“Compassion is an empathic understanding of a person’s feelings, accompanied by altruism, or a desire to act on that person’s behalf.”

But is understanding necessary for compassion? I don’t think so. Similar to how we can respect others based on only conditional correctness, we can have compassion for people we only partially understand/can’t empathize with.

Compassion vs empathy

Too much empathy can immobilize us. Learn to hold another’s pain without drowning in it.

When it becomes too much, detach and respond with compassion instead of empathy. Feel, but rise above the feelings. We need to create a healthy emotional distance before we can help.

From Adam Grant:

a growing body of evidence suggests that compassion is healthier for you and kinder to others than empathy: When you see others in pain, instead of causing you to get overloaded and retreat, compassion motivates you to reach out and help.

The most basic form of compassion is not assuaging distress but acknowledging it. When we can’t make people feel better, we can still make a difference by making them feel seen. And in my research, I’ve found that being helpful has a secondary benefit: It’s an antidote to feeling helpless.

Are empathy and concern psychologically distinct?

  • concern for others is a uniquely positive predictor of prosocial action
  • empathy is either not predictive or negatively predictive of prosocial actions.

From a paper on the neuroscience of empathy vs compassion:

While shared happiness certainly is a very pleasant state, the sharing of suffering can at times be difficult, especially when the self–other distinction becomes blurred. Such a form of shared distress can be especially challenging for persons working in helping professions, such as doctors, therapists, and nurses. In order to prevent an excessive sharing of suffering that may turn into distress, one may respond to the suffering of others with compassion.

In contrast to empathy, compassion does not mean sharing the suffering of the other: rather, it is characterized by feelings of warmth, concern and care for the other, as well as a strong motivation to improve the other’s wellbeing. Compassion is feeling for and not feeling with the other.

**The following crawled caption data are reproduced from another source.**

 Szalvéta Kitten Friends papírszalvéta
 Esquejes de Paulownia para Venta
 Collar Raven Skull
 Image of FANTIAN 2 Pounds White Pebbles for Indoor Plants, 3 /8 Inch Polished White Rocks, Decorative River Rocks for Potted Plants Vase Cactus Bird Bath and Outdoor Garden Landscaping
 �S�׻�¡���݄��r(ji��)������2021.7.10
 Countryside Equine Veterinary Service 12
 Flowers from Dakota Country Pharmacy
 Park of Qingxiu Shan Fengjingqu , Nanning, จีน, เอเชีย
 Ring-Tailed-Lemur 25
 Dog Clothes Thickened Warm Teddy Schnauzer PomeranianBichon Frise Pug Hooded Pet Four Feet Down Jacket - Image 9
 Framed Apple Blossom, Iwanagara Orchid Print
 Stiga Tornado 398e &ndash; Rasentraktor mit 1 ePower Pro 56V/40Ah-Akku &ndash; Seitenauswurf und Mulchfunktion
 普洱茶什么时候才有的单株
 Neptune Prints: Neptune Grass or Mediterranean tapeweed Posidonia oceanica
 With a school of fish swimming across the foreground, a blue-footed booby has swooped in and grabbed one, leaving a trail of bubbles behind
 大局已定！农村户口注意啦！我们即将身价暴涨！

From The Perils of Empathy:

we compared people’s scores on two different scales, one measuring emotional empathy and another measuring compassion. As predicted, we found that the scales tap different aspects of our nature: You can be high in one and low in the other. We found as well that compassion predicts charitable donations, but empathy does not.

Empathy training led to increased activation in the insula and cingulate cortex, the same parts of the brain that would be active if you were empathizing with the pain of someone you care about. Compassion training led to activation in other parts of the brain, such as the ventral striatum, which is involved in, among other things, reward and motivation.

Empathy was difficult and unpleasant—it wore people out. This is consistent with other findings suggesting that vicarious suffering not only leads to bad decision-making but also causes burnout and withdrawal. Compassion training, by contrast, led to better feelings on the part of the meditator and kinder behavior toward others. It has all the benefits of empathy and few of the costs.

meditation “reduces activation of the brain networks associated with simulating the feelings of people in distress, in favor of networks associated with feelings of social affiliation.” Limiting the impact of empathy actually made it easier to be kind.

It is often irresistible to try to feel the world as others feel it, to vicariously experience their suffering, to listen to our hearts. It really does seem like a gift, one that enhances the life of the giver. The alternative—careful reasoning mixed with a more distant compassion—seems cold and unfeeling. The main thing to be said in its favor is that it makes the world a better place.

Turn empathy into compassion

When I tried to take on their grief, I was overwhelmed. However, when I shifted my focus to feel love and kindness toward the characters, with a wish that their suffering would be alleviated, my distress for them was replaced with a feeling of inspiration.

While empathy is susceptible to in-group bias, compassion meditation seeks to expand one’s in-group.